To extract phrases in the text, we utilize SPICE to extract tuples in scene graphs as phrases:

  • Prepare the SPICE parser from here

  • Unzip this file, download Stanford CoreNLP using the included download script

  • Prepare your captions in a json file like:

    [{"image_id": "1406296515.jpg#2r5c", "test": "a girl is touring germany.", "refs": []}, {"image_id": "1406296515.jpg#2r1e", "test": "the girl is outside.", "refs": []}]
  • Running the following command to extract phrases from captions:

    java -Xmx8G -jar spice-1.0.jar YOUR_JSON -out YOUR_OURPUT -threads 100 -detailed
  • Please check the phrase format in the id2phrase.json json file (Tuple[str]).

Tensorization & Encode

We need to tensorize an image-text pair to fit the model input (this procedure is similar in different tasks), you can refer to the dataset definition in run scripts, we provide an example here:

from transformers.pytorch_transformers import BertTokenizer

max_seq = YOUR_MAX_STRING_SETTING
max_tag = YOUR_MAX_TAGS_SETTING
max_img_seq = YOUR_MAX_IMG_SETTING
tokenizer = BertTokenizer.from_pretrained('CHECKPOINT_DIR')
id2phrase = json.load(open('./datasets/mvp/id2phrase_new.json', 'r')) # id2phrase mapping
phrase2id = {tuple(v):int(k) for k,v in id2phrase.items()} # phrase tuple to id
phrase_ids = [phrase2id[tuple(t)] for t in phrases if tuple(t) in phrase2id] # phrases: the extracted phrases of your text
tokens_a = ['[CLS]'] + tokenizer.tokenize(text) + ['[SEP]']  # text: your input text
input_ids_a = tokenizer.convert_tokens_to_ids(tokens_a) + phrase_ids
segment_ids_a = [0] * len(max_seq) # segment embedding
attention_mask_a = [1] * len(input_ids_a) + [0] * (max_seq - len(input_ids_a))# attention mask
# Padding to maximal length
input_ids_a += tokenizer.convert_tokens_to_ids(['[PAD]']*(max_seq - len(input_ids_a)))
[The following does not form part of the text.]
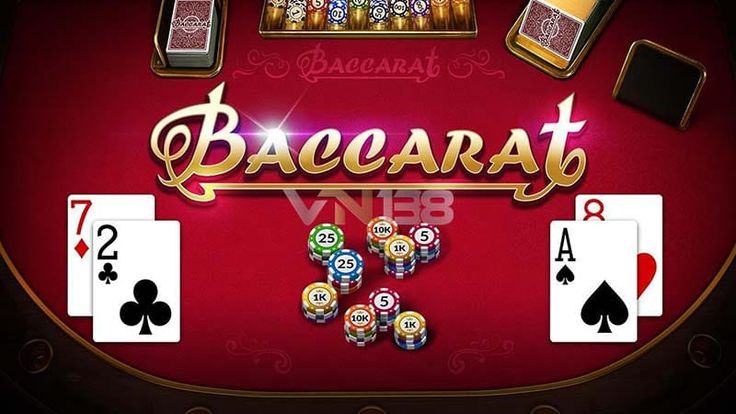 cách chơi baccarat luôn thắng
tokens_b = tokenizer.tokenize(object_tags) # a space-separated object tags string
input_ids_b = tokenizer.convert_tokens_to_ids(['[CLS]'] + tokens_b + ['[SEP]'])
segment_ids_b = [1] * len(max_tag) # segment embedding
attention_mask_b = [1] * len(input_ids_b) + [0] * (max_tag - len(input_ids_b)) # attention mask
# Padding to maximal length
input_ids_a += tokenizer.convert_tokens_to_ids(['[PAD]']*(max_tag - len(input_ids_b)))

img_len = img_feat.shape[0] # img_feat is the [num_objects, 2054] feature
if img_len > max_img_seq:
    # truncating
    img_feat = img_feat[0 : max_img_seq, :]
    img_len = img_feat.shape[0]
    img_padding_len = 0
    input_mask_b += [1]*self.max_img_seq
else:
    # padding
    img_padding_len = max_img_seq - img_len
    padding_matrix = torch.zeros((img_padding, img_feat.shape[1]))
    img_feat = torch.cat((img_feat, padding_matrix), 0)
    input_mask_b += [1]*img_len + [0]*img_padding_len

In this example, we ignore the situation that the string is too long and needs to be truncated.

To encode the representation of the image-text pair, please check the BiImageBertRep class in modeling_vlbert, you can build your model on top of it or use it to extract representations.